DATASET CONTENT:
======

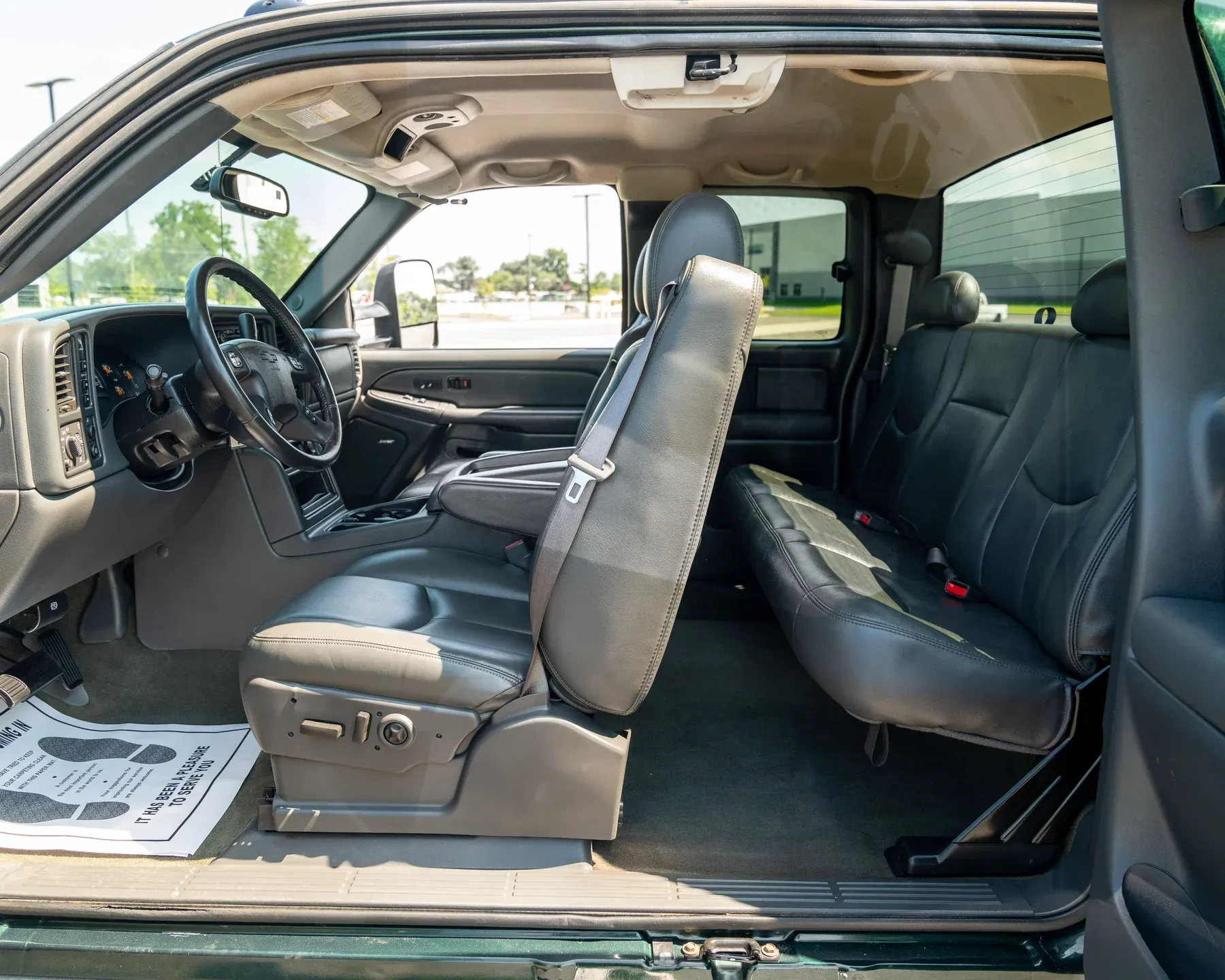 imgi_97_2004-chevrolet-silverado-2500hd-ext-cab-143-5-wb-4wd-lt
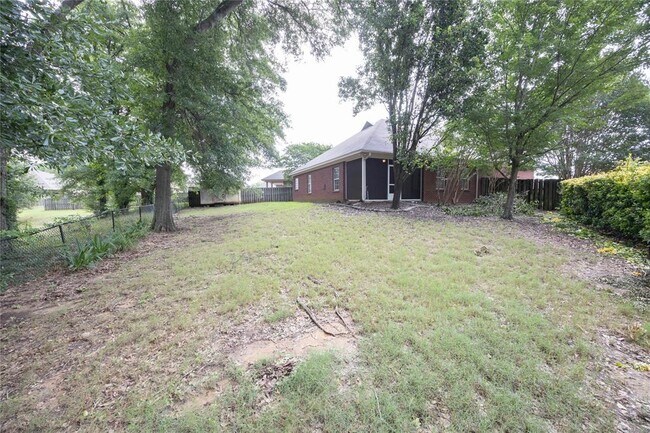 Building Photo - 106 Sweet Meadow Ct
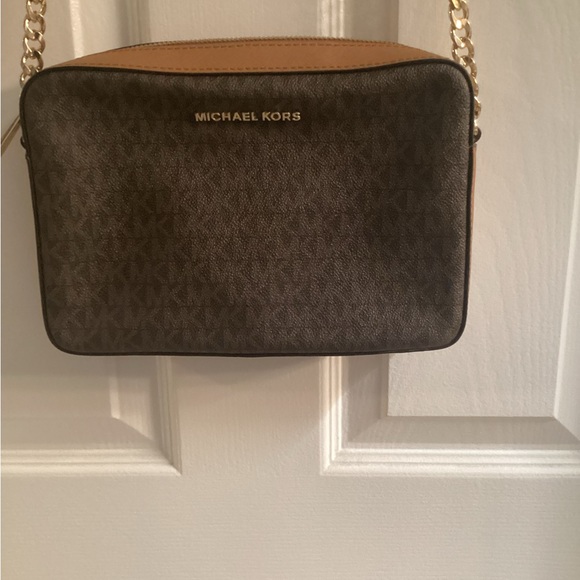 Michael Kors Jet Set Crossbody - Picture 7 of 8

======

REQUIREMENT: Return the full material word for word. Do not include the pictures.

WRITTEN ANSWER:
 imgi_97_2004-chevrolet-silverado-2500hd-ext-cab-143-5-wb-4wd-lt
 Building Photo - 106 Sweet Meadow Ct
 Michael Kors Jet Set Crossbody - Picture 7 of 8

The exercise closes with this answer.